When Eastern Mennonite University (EMU) graduate Isabel Castillo was recognized as a “Movement Honoree” by Sojourners at its June 2017 Healing and Resistance Summit at Gallaudet University in Washington D.C., she called on advocates to raise up voices like her own — one that is typically marginalized.
Castillo, who was brought into the United States from Mexico when she was six, has spoken publicly about her own undocumented status since she was a student at Turner Ashby High School. Her advocacy for immigration-law reform has been nationally recognized.
More than 300 “leaders committed to changing the world through faith and justice” attended the Summit organized annually since 2014 by Sojourners. A leading voice of progressive Christianity, Sojourners promotes “the biblical call to social justice” through its magazine and digital forum.
Adam Taylor, chair of the Sojourners Board of Directors, presented Castillo with one of four Movement Honoree awards granted for “exceptional efforts” that “help to sustain our collective desire for a more equitable and peaceful world,” notably organizing a march on Washington and staging a sit-in at former Senate Majority Leader Harry Reid’s office. Since 2013, she has worked for Virginia Organizing.
In her acceptance speech, Castillo said that “Jesus hung out with the ‘marginalized,’ the ‘least of these.’ He heard directly from them. And it seems like few decision makers hear the truth directly from those who are directly impacted by the many injustices we face in our nation, in our world.”
Advocates, she said, should “be space-holders, walk alongside or behind those directly impacted by the many systems of oppression and allow them to share their stories and their truth.”
Castillo has addressed oppression by sharing her own story. Her daring exchange about the DREAM Act at a 2010 Harrisonburg town hall meeting with then-governor of Virginia Bob McDonnell was detailed in a New York Times article. She has also been featured in The Atlantic and on Public Radio International’s Bob Edwards Weekend.
In 2011, the University of San Francisco awarded her an honorary doctorate “for her selfless courage in advancing the cause of undocumented college students.”
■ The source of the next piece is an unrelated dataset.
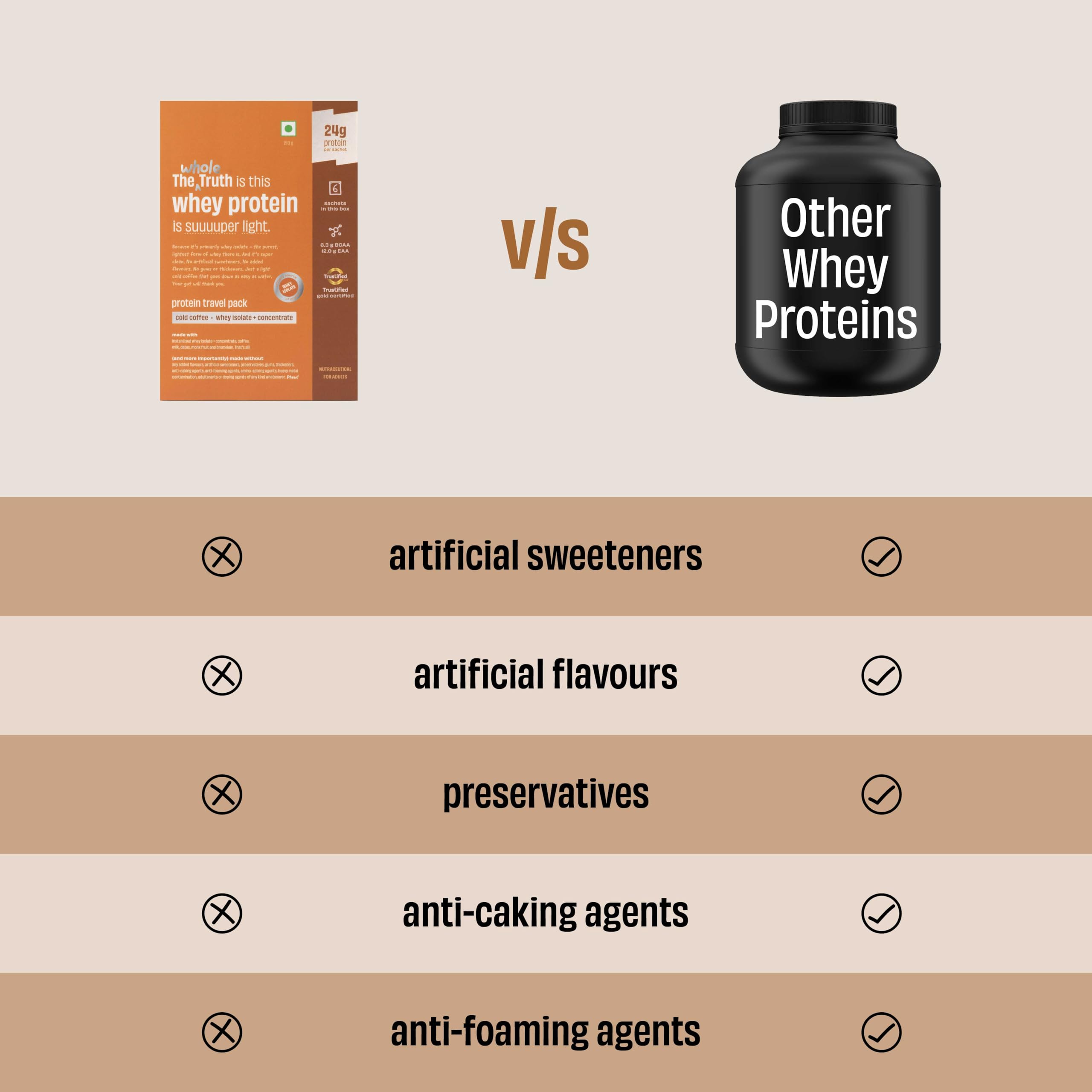 The Whole Truth Whey Protein (210 g, Cold Coffee) — Amazon image 9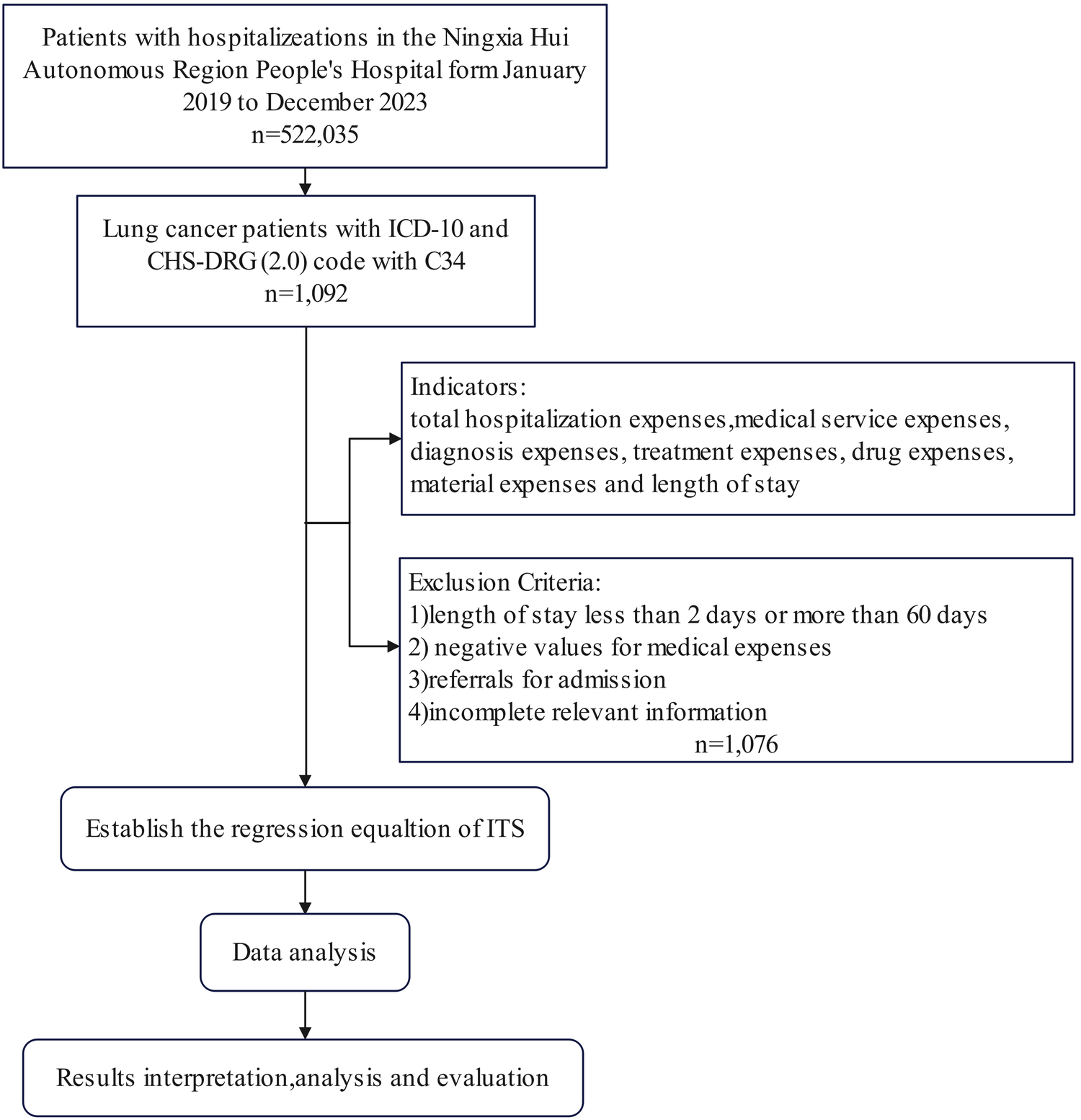 Flowchart depicting a study of lung cancer patients in a hospital from 2019 to 2023. Initial data includes 522,035 patients, narrowed to 1,092 lung cancer patients by specific codes. Indicators include expenses and length of stay. Exclusion criteria remove cases under two days or over sixty days, negative expenses, referrals, and incomplete data. Analysis continues with 1,076 patients, leading to regression equation establishment, data analysis, and results interpretation.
“We’ve followed and admired Isabel’s witness and work since she confronted Governor McDonnell on his opposition to the DREAM Act several years ago,” said Michael Mershon, director of communications for Sojourners. “There’s a level of strength and courage in what she brings to the movement for social justice that’s impossible to ignore.”
EMU and Sojourners enjoy substantial connection with each other, he added.
“We also have staff who are alums of EMU and we have a long and strong relationship with the university and the broader Mennonite community,” Mershon said, “so we always welcome the opportunity to lift up the stories of people shaped by that experience. Technically, we honored Isabel at our Summit, but in truth the honor was all ours.”
Also recognized at the Summit were four “Featured Elders” and three additional Movement Honorees:
- Dr. Wallace Charles Smith, senior minister of the historic Shiloh Baptist Church, one of the oldest African American churches in Washington D.C.;
- Ruby Nell Sales, founder and executive director of the SpiritHouse Project;
- Sister Norma Pimentel, executive director of Catholic Charities of the Rio Grande Valley;
- Dr. Wesley Granberg-Michaelson, 17-year general secretary emeritus of the Reformed Church in America and former Sojourners associate editor;
- Linda Sarsour, co-founder of org and co-chair of the 2017 Women’s March on Washington;
- Jenny Yang, overseer for advocacy initiatives and policy positions at World Relief, co-author of Welcoming the Stranger: Justice, Compassion and Truth in the Immigration Debate, and one of the “50 Women to Watch” by Christianity Today;
- Edward M. Jones, director of programs at ABFE – A Philanthropic Partnership for Black Communities and member of the Black Benefactors executive committee.